Working in long, choreographed takes, and mixing realistic accounts
of working-class life with diverse forms of cultural shock and fantasy
ranging from animation to SF to rock, he already qualifies as a poetic
prophet of the 21st century, and not only for China.
He attended the Beijing Film Academy, where he
completed his first film, the one-hour Xiao Shan
(Going Home, 1995). I haven’t seen it, but according
to critic Kevin Lee, it’s about a country boy and
unemployed cook in Beijing who wants to go home for
the Chinese New Year and runs into numerous obstacles,
and it utilizes literary intertitles (which also crop up in
his last two features).

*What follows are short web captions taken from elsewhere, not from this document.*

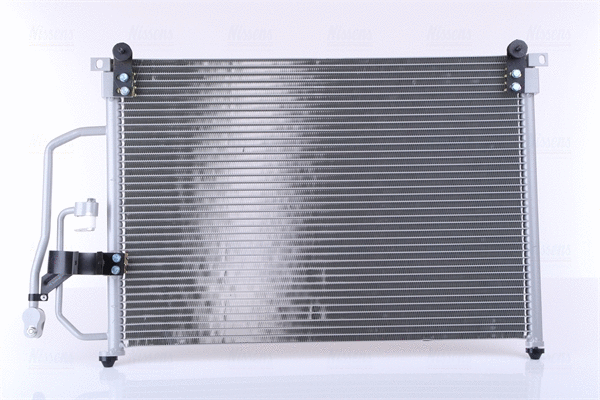 Condenser, air conditioning (94412)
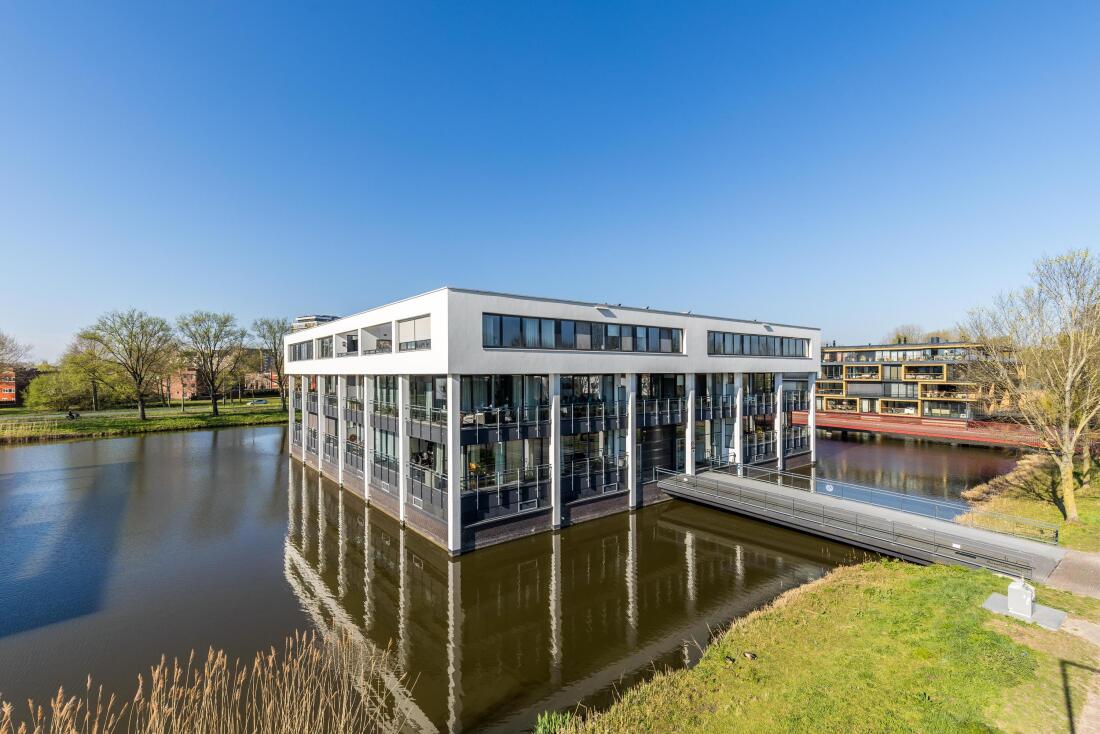 Schiedam photo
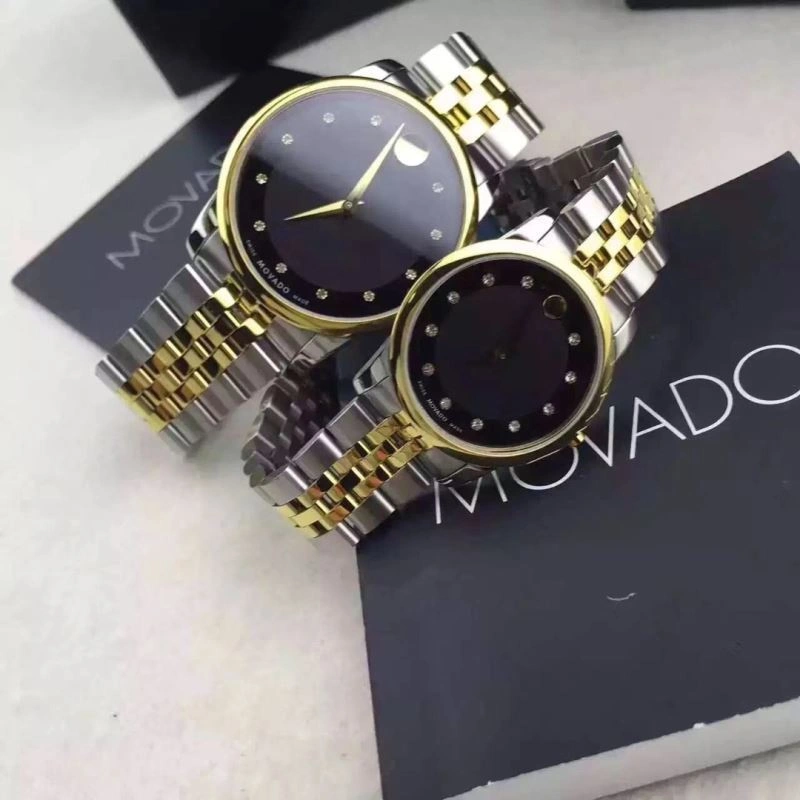 MOVADO Watches SoftTouch 190254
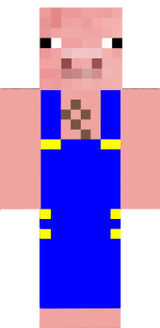 pigzombie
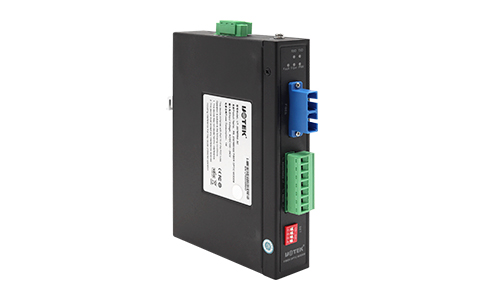 工业光纤转换器_光纤MODEM_LQ-2278RSM-SC 工业级光纤转换器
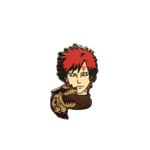 Gaara.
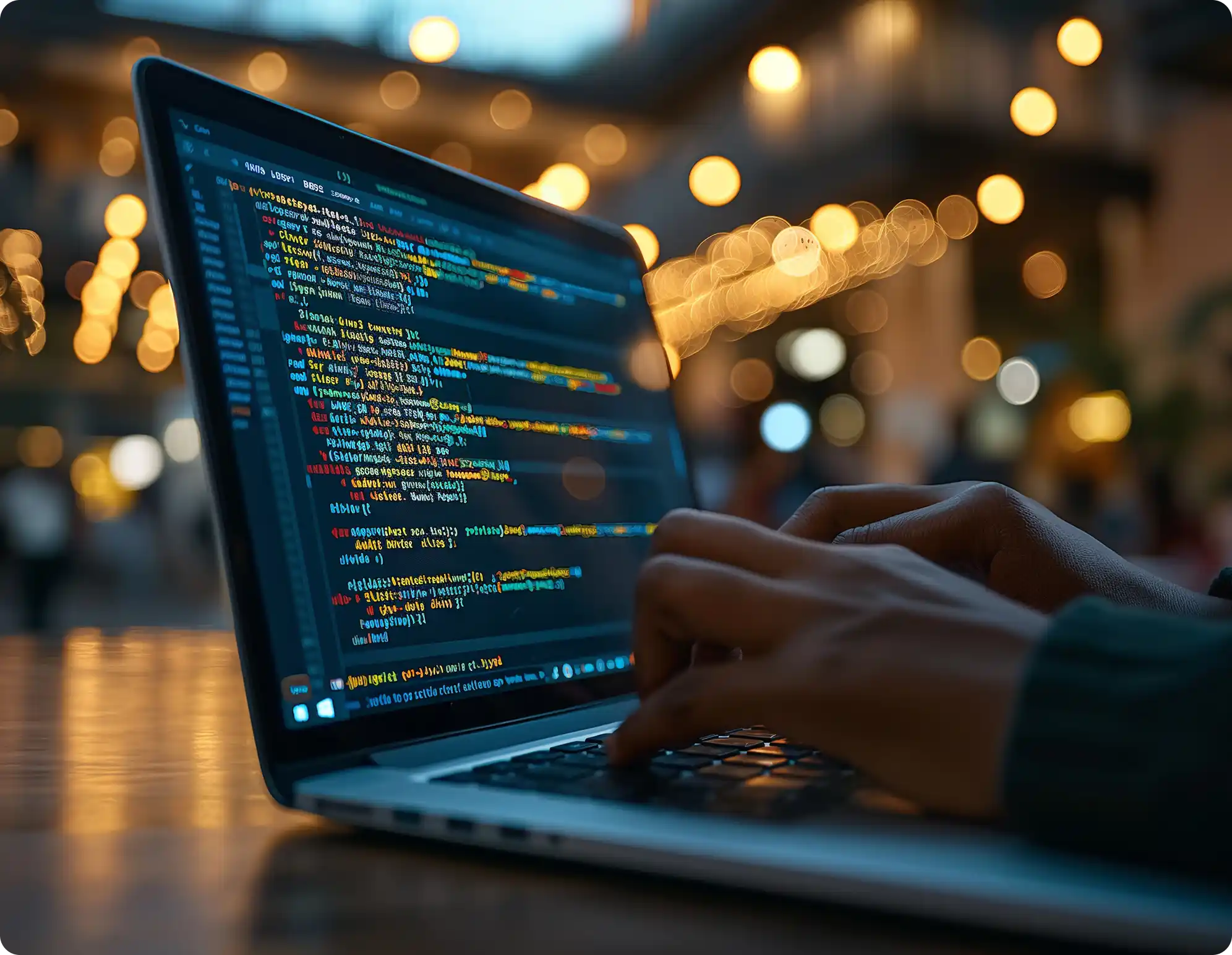 Build Smart, Scalable Apps with Flutter Experts 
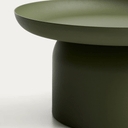 Arcola Patio Coffee Table | Green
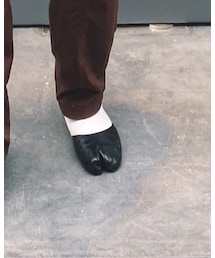 Maison Margiela | バレエシューズ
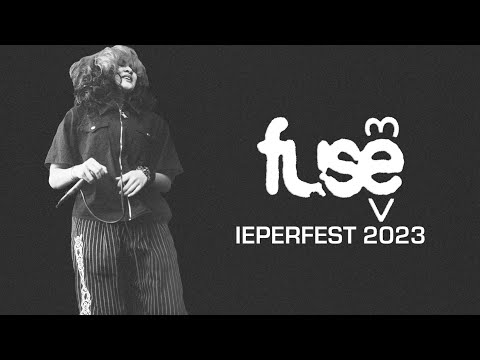 FUSE @ IEPERFEST 2023 - SINGLE CAM - FULL SET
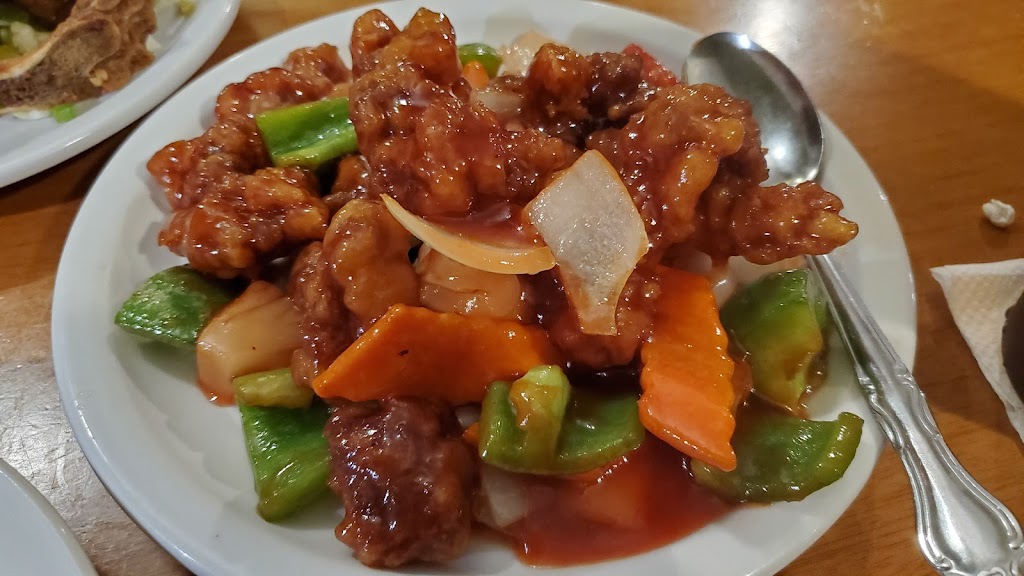 Jasmine Garden Chinese restaurant | 7990 Limonite Ave A, Jurupa Valley, CA 92509, USA | Phone: (951) 727-8823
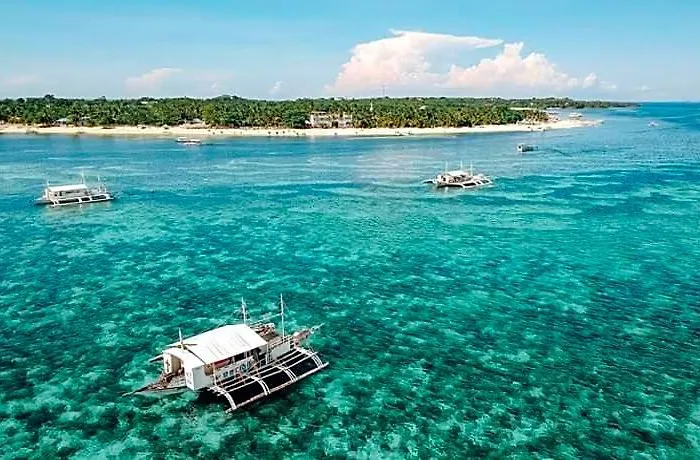 Johandive Daanbantayan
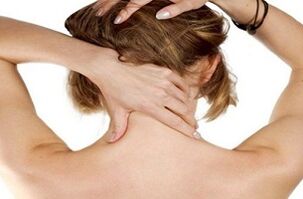 Cervical Osteochondal Events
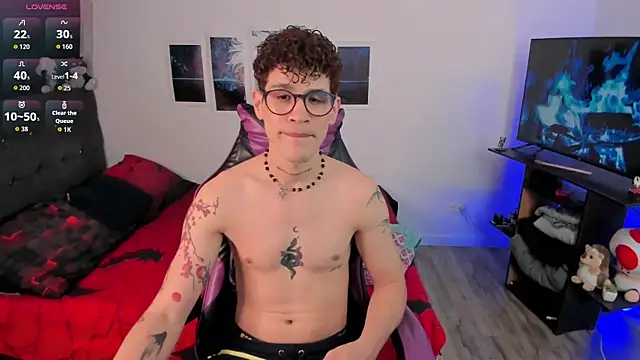 Snapshot of andybxby chatting on 16, 7, 2026 andybxby online show from 16, 7, 2026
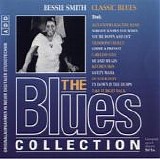Bessie Smith - Classic Blues - The Blues Collection 9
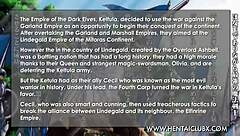 Girls hentai new hentai 3 episode english ecchi anime!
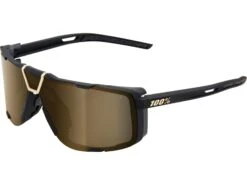 100% Eastcraft - Soft Gold Mirror, Soft Tact Black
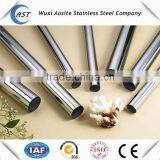 Manufacturer Preferential supply 310S stainless steel ornaments tube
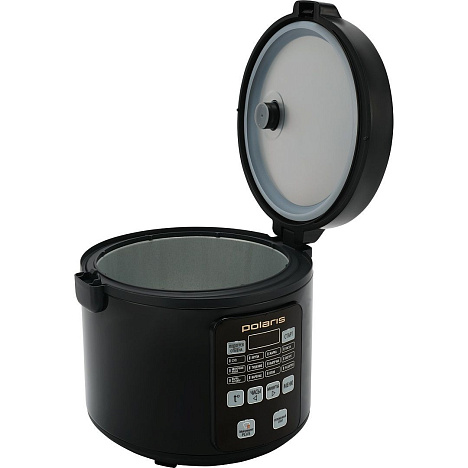 Мультиварка Polaris PMC 0591AD - фото №2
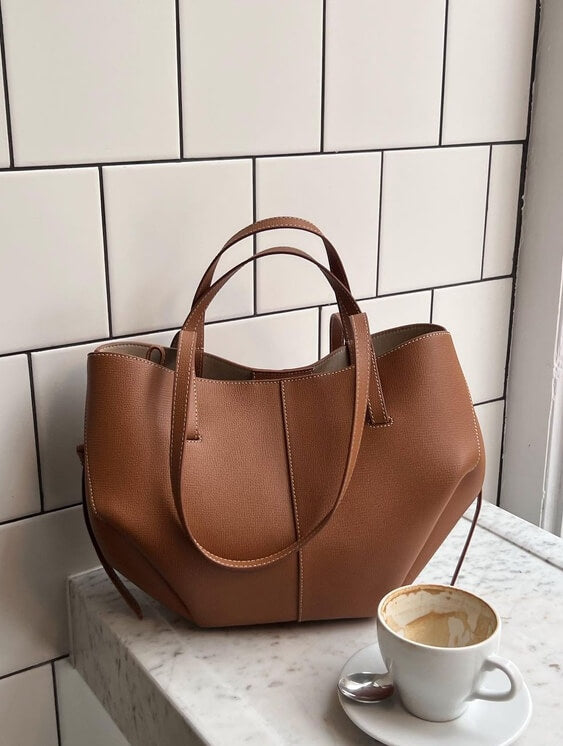 Emmas® | Vintage Tote Bag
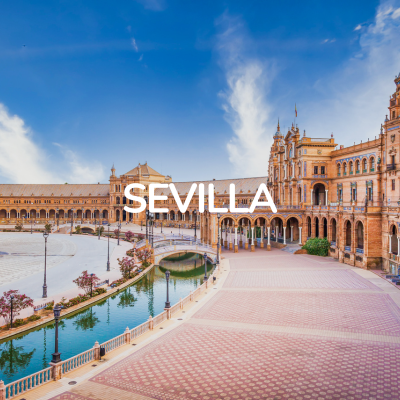 Ciudad de Sevilla
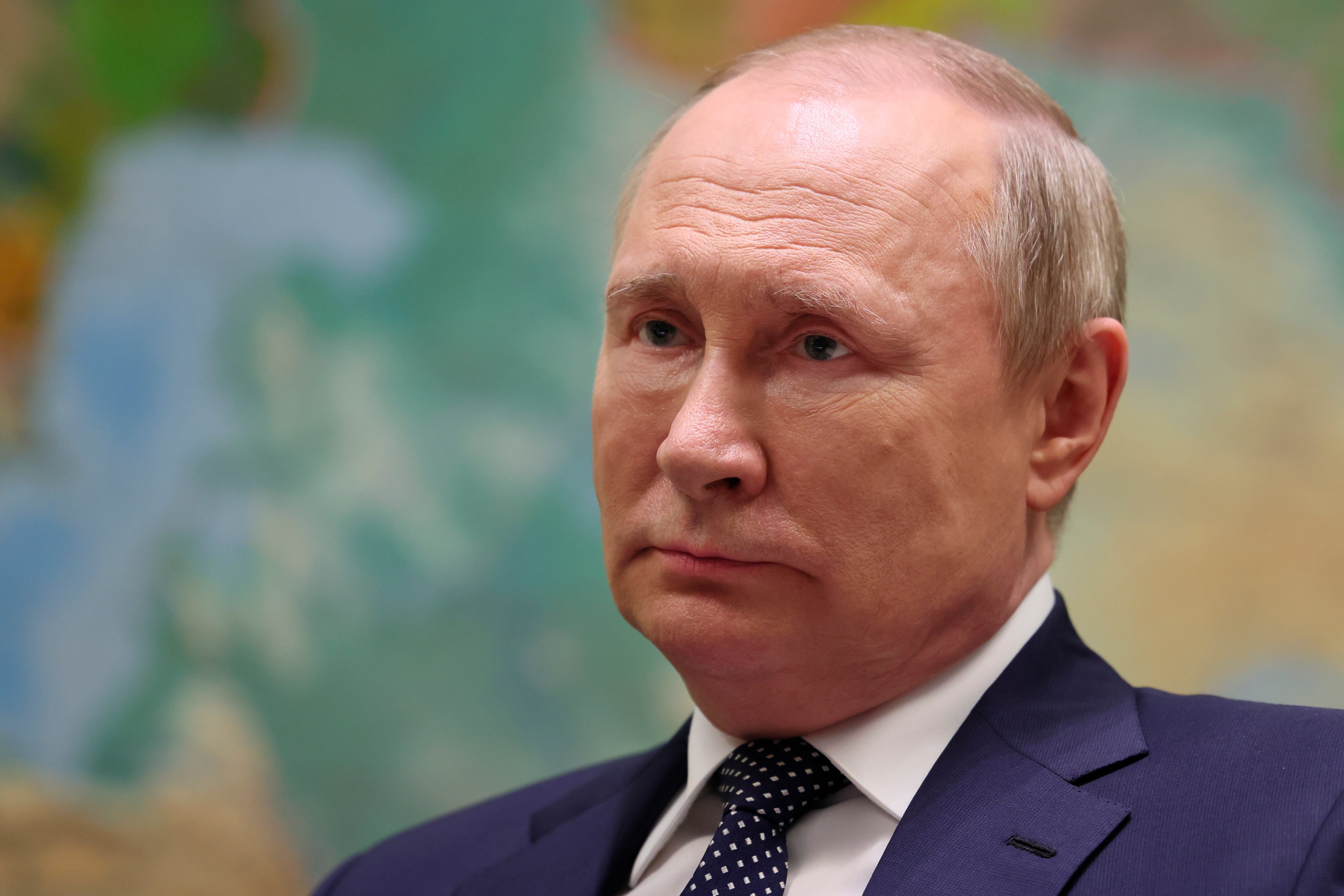 It would be a timely demonstration of western frustration with Putin’s intransigence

Jia’s identification with his rural
hero is apparently underlined in a party sequence where
he appears, speaking drunkenly in his semi-incoherent
Shanxi dialect. (He can be found doing something similar
in the opening sequence of Uncommon Pleasures.)
Given that nearly all Chinese films are dubbed into Mandarin,
this could be seen as a defiant move, comparable to the
direct-sound recording of Taiwanese dialects in the work of
Hou Hsiao-hsien, one of Jia’s key influences.
Fenyang is the main setting in Kiao Wu (Pickpocket,
1997) — another eccentric character study named after its
leading character —- and his second and most ambitious
feature, Platform (2000), an epic following the teenage
members of Fenyang’s state-run Peasant Culture Group
as they gradually mutate over a decade into the privatized
All-Star Rock and Breakdance Electronic Band. In fact,
Platform was scripted before Xiao Wu but made
afterwards because it was far more expensive to finance;
like Jia’s subsequent Unknown Pleasures (2002), it
was an underground independent film — technically banned,
though it circulated in China on pirated video.
Both Unknown Pleasures and In Public (2002) — a half-hour
documentary shot on digital video that scouted locations for the
feature — were shot in another small town in Shanxi about to be
transformed by capitalism, Datung. And even though Jia returned
to Beijing to shoot The World (2004), about alienated workers in
a theme park, and went on to the equally spectacular Three Gorges
Dam in central China for Still Life (2006), leading characters in
both films hail from Shanxi province. So his roots remain, but he
continues to grow. And now that he’s officially recognized by the
Chinese government, he shoots all his features on digital video.